VLE – Vast Learning Experience for tutors

June 1, 2012ESOL, , ,

I’ve recently been re-reading the feedback from my CELTA courses and have been struck by the overwhelmingly positive response to the VLE. Other comments on technology (eg Active Inspire, the blog) had mixed responses, but when commented on the VLE was reported to be a valuable resource – whether this was for the 24/7 access, course materials available in one place or ease of submitting assignments. One comment related to the short learning curve they had in order to use the VLE.

This has been the third year that we’ve now been using Moodle to support our part time CELTA course. I certainly value the VLE for many of the reasons the students do (sharing course resources which are either directly linked to a specific session or direct them to wider resources), having assignments in one place (no lugging paper submissions around), 24/7 access (I can check current resources and replace/add to anytime) but I can’t agree that it’s been a short learning curve in developing this resource.

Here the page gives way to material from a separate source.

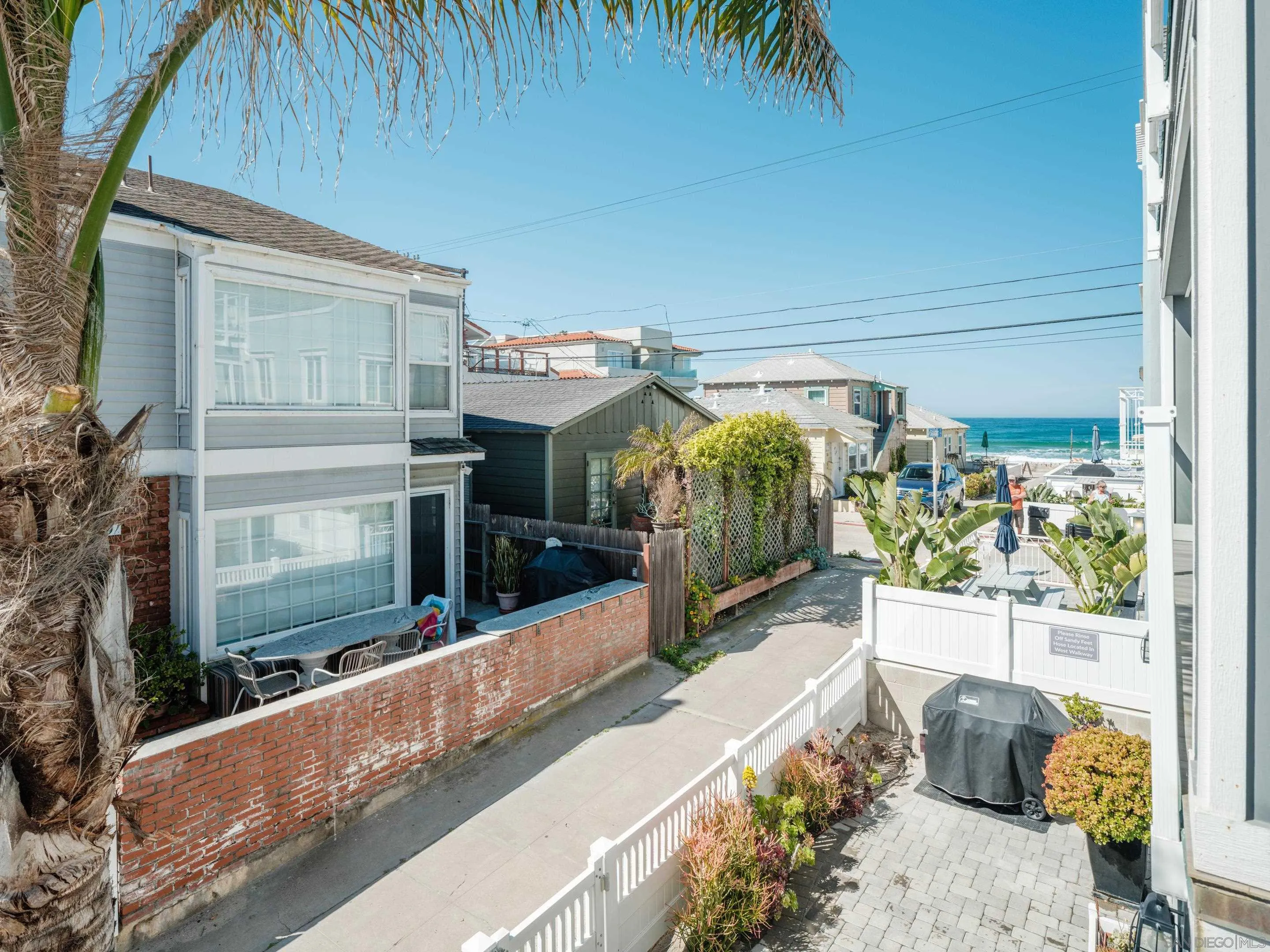 https://cdn.realtyfeed.com/cdn/127/260021774/e22f21f6ea2a3e7d4721cd4861c2aac2.webp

Having been working with some HE tutors this year in developing their VLE courses I’ve been struck by the fact that it is not just developing the tech skills (ie, how to upload a document, or create a link) but also the broader idea of structuring a VLE course. A three-year course, with 5 or 6 modules for each year takes some organising. A VLE page for each module seems excessive and takes away from the ‘all course info in one page’ aspect. A VLE page for each year seems simpler, but then how to structure all the module information?

With three years experience of developing my own VLE course I am feeling overwhelmed by the enormity of the task.

With this in mind I’ve been thinking of a couple of things. Firstly, that the college should be providing guidelines for tutors in structuring their courses. Even better, instead of offering all tutors a ‘blank course’ different templates could be developed, for which tutors just need to drop their specific information into. Secondly, I’ve been thinking about the added workload that developing a VLE aspect to a face to face course creates.  When discussing coaching models with the T&L Manager recently, one case study was a tutor who spent a lot of time with her students and this was impacting on their work. In this case, spending face to face time with students was considered excessive and something that the tutor needed coaching support to address. However, there is a huge expectation that tutors spend their time creating additional virtual learning opportunities for their students, and staff development sessions are prioritised to stress the importance of this. Virtual support – good. Face to face support – bad.

When does a face to face course become a blended learning course? How does this impact on the all important guided learning hours and teachers base loads?